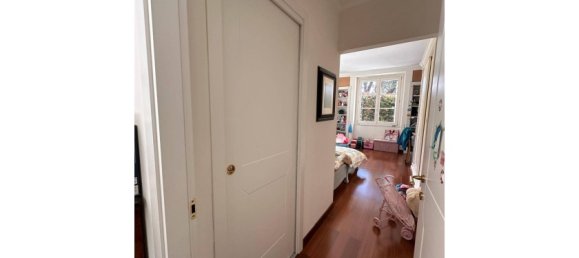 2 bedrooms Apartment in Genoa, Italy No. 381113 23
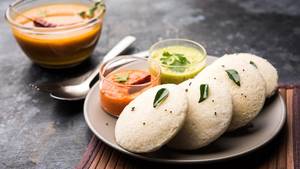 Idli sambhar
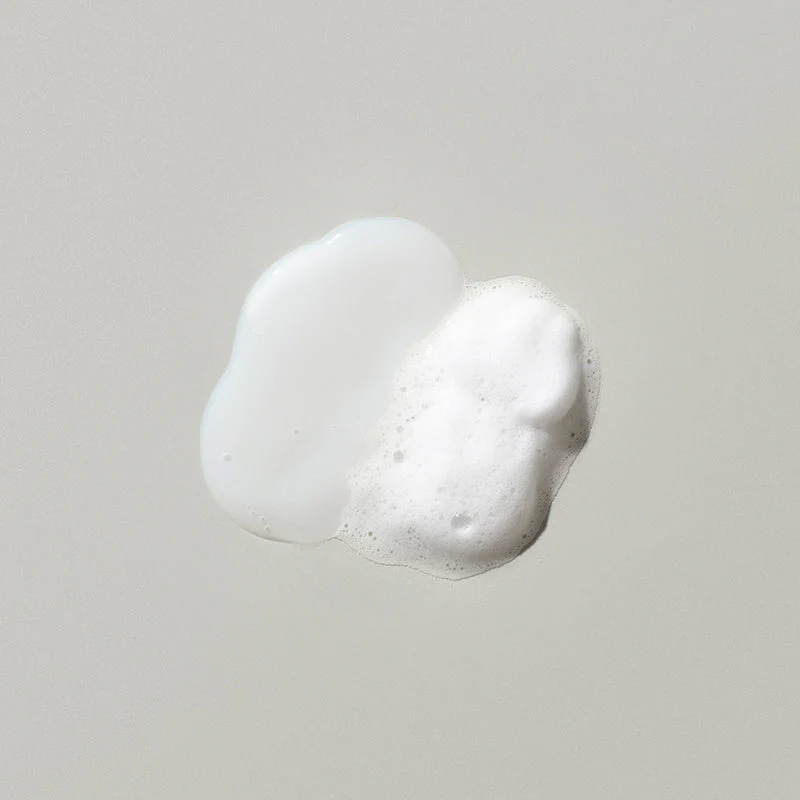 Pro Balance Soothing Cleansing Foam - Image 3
######
## EXERCISE GOAL
Repeat every line of the data above exactly, but drop the pictures.

## ANSWER BELOW
 2 bedrooms Apartment in Genoa, Italy No. 381113 23
 Idli sambhar
 Pro Balance Soothing Cleansing Foam - Image 3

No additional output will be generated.